= Adventure Life =

Adventure travel company

Adventure Life is an American adventure travel company offering private tailormade trips, small group tours, and expedition voyages throughout the world. From their beginnings as a Latin America specialist in South America and Central America land tours, they have grown to now offer trips around the globe including less conventional destinations such as Africa, the Arctic, Antarctica and Alaska.

Their focus is nature, cultural, and active travel, and they apply ecotourism principles to their tours and screen all cruise and land partners abroad for these principles. A large portion of travelers arrange customized or private itineraries. Since their founding in 1999, over 40,000 clients have traveled with the company.

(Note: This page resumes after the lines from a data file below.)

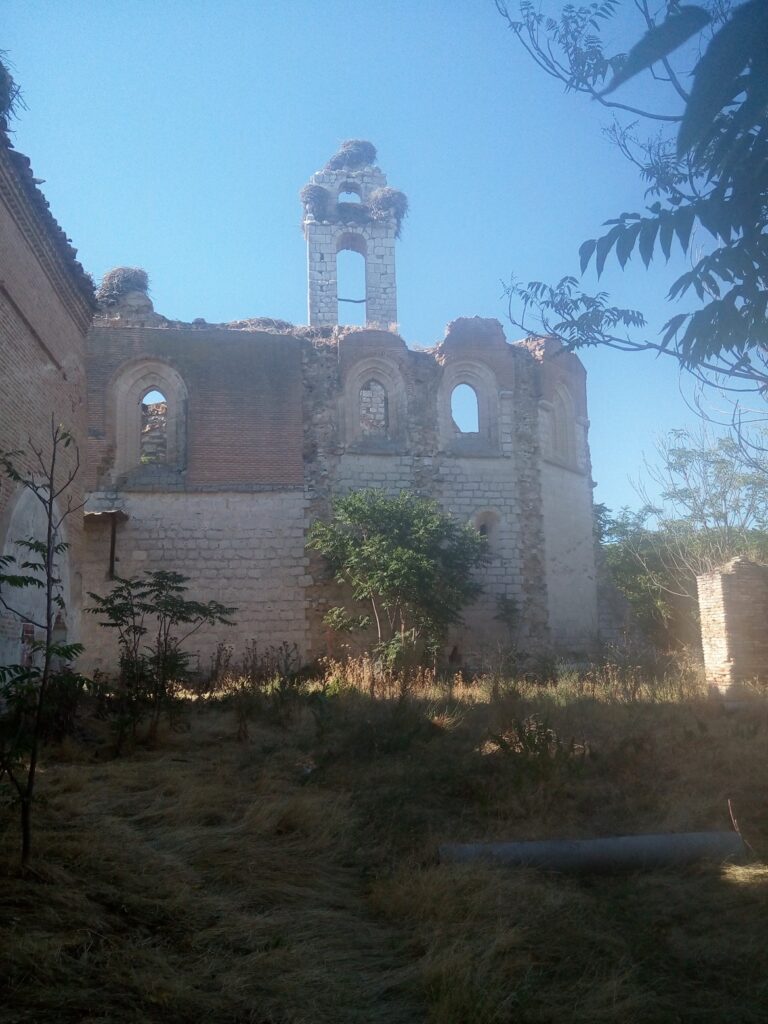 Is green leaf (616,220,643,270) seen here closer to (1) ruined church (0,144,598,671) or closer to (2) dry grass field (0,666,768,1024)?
(2) dry grass field (0,666,768,1024)

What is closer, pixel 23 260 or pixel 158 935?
pixel 158 935

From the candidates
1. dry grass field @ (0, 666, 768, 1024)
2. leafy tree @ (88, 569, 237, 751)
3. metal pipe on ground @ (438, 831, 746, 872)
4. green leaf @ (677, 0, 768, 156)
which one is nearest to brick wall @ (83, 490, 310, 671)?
leafy tree @ (88, 569, 237, 751)

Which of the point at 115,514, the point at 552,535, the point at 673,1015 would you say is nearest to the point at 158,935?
the point at 673,1015

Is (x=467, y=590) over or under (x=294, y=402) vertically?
under

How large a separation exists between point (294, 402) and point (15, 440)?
443 inches

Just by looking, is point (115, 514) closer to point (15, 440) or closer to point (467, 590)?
point (467, 590)

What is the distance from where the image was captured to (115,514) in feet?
64.4

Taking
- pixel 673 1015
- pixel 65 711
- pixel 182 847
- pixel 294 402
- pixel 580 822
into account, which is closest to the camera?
pixel 673 1015

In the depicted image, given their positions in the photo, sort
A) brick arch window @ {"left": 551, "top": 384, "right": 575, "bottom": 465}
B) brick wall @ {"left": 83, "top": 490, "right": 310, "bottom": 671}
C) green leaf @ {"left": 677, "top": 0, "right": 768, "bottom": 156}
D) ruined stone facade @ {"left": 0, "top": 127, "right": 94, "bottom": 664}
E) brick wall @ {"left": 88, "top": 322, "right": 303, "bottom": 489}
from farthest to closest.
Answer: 1. brick arch window @ {"left": 551, "top": 384, "right": 575, "bottom": 465}
2. brick wall @ {"left": 88, "top": 322, "right": 303, "bottom": 489}
3. brick wall @ {"left": 83, "top": 490, "right": 310, "bottom": 671}
4. ruined stone facade @ {"left": 0, "top": 127, "right": 94, "bottom": 664}
5. green leaf @ {"left": 677, "top": 0, "right": 768, "bottom": 156}

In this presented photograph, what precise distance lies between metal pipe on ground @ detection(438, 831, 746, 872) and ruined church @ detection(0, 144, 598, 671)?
1191 centimetres

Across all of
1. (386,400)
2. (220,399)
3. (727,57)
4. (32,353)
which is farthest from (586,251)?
(386,400)

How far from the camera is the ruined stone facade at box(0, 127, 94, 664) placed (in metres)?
9.60

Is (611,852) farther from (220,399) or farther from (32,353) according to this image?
(220,399)

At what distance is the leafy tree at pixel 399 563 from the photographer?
59.4 ft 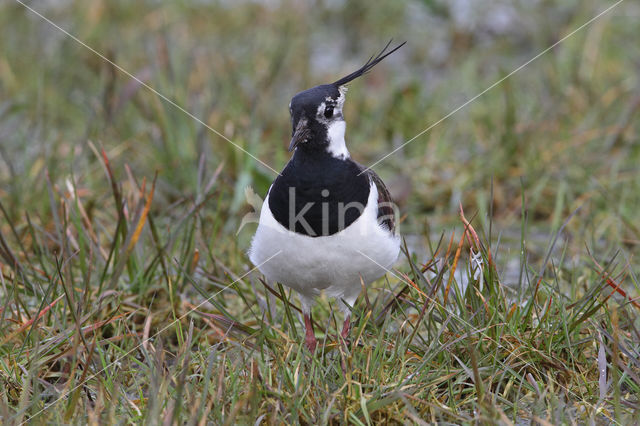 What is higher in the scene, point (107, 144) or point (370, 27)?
point (370, 27)

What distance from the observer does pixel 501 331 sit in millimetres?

Adventure Life is registered in the State of Montana as ALJ, Inc., and they do business as Adventure Life.

==History==
Adventure Life was founded by Brian Morgan in 1999. Morgan was working as a consultant in Quito for CARE in the late 1990s, but decided to return home to Montana. While applying for jobs in Montana, Morgan planned a group tour back to Ecuador and promoted it locally. This experience made him recognize that guided tours were a service in demand, and a niche industry that his own travel experiences and Ecuadorian connections had prepared him to explore further.

Adventure Life launched in February 1999 with Spanish language study-trips, internships, and tours to Peru and Ecuador. Office was initially located in Havre, Montana, and Morgan hired the first staff member. During the first year of business, Adventure Life had fewer than 100 travelers.

Starting in 2000, the company decided to focus on only offering tours and no longer provides Spanish language study-trips or internships. The office moved from Havre and settled in Missoula, Montana. By the end of 2000, the company hired four full-time staff members. The company established a partner office in Lima, Peru.

Between 2001 and 2003, Adventure Life added tours to Bolivia, Costa Rica and Belize, Chile, Argentina, Patagonia and Guatemala. The company also established a second partner office in Quito, Ecuador. The company moved from Morgan's home into its first office. In 2005, tours started sending travelers to Antarctica, and in 2006 they added Panama to the list of destinations. The growing company moved into its own new construction building on Spruce Street in Missoula in 2012, and started to move towards remote operations in 2019 which was ultimately realized as a result of the pandemic in 2020. The company now has employees and contractors from around the globe.

During 2007 and 2008, Adventure Life began offering small-ship cruises throughout the world. A variety of destinations in Latin America are launched over the next five years including Nicaragua, Uruguay, Mexico, Colombia and Brazil. In 2013 tours throughout the south Africa nations are launched as well. The company continued to expand its offerings to SE Asia, China, Iceland and Europe. In 2020 as a response to the COVID pandemic, Adventure Life took care of its travelers by securing rebooking credits and refunds for its travelers and started to arrange tours to certain destinations with multiple layers of testing requirements and other safety precautions as early as October 2020. The company continued to expand its offering to include Mississippi SE Asia river cruises and land tours into the Mediterranean region including Italy, Croatia, and Greece during 2021 and 2022 and continues to expand to offer new exciting destinations each year. 2024 held launches of New Zealand and Greenland tours as well as 'remodels' of tours in existing regions and 2025 of Japan, Australia, and the Scandinavian countries.

==Awards and mentions==
- 2016, 2015, 2014, 2013, 2012, & 2011 Travel + Leisure A-List: Top Travel Advisor. Awarded to founder, Brian Morgan, as the go-to travel advisor for Peru and Galapagos tours.
- 2015, 2014 Inc. 5000 Fastest Growing Companies
- 2015 National Geographic Tours of a Lifetime featuring Undiscovered Brazil tour
- 2014 Travel Age West Top Travel Agents in the West. Awarded to founder, Brian Morgan, as the go-to travel advisor for Galapagos tours.
- 2013, 2012, 2010, & 2009 Best Places to Work, Outside Magazine
- 2013 Travel Weekly Magellan Award
- 2013 USA Today Adventure Travel: Top new trips to emerging places
- 2011 Outside Magazine Travel Hot List featuring Machu Picchu
- 2010 National Geographic Traveler: Tours of a Lifetime featuring Bolivia tours
- 2008 Employer of Choice winner, Missoula Job Service Employer's Council
- 2007 Best Adventure Travel Companies on Earth, National Geographic Adventure
- 2007 Best in Travel Class, Transitions Abroad
- 2007 Trip of the Year, Outside Magazine
- 2006 Green List Honoree, Conde Nast Traveler
- 2006 Best Trips, Outside Magazine,

==Media References==
Adventure Life has been featured in major publications such as USA Today, The New York Times,
 National Geographic Adventure, Outside Forbes Life, Condé Nast Traveler, and Inc. Magazine.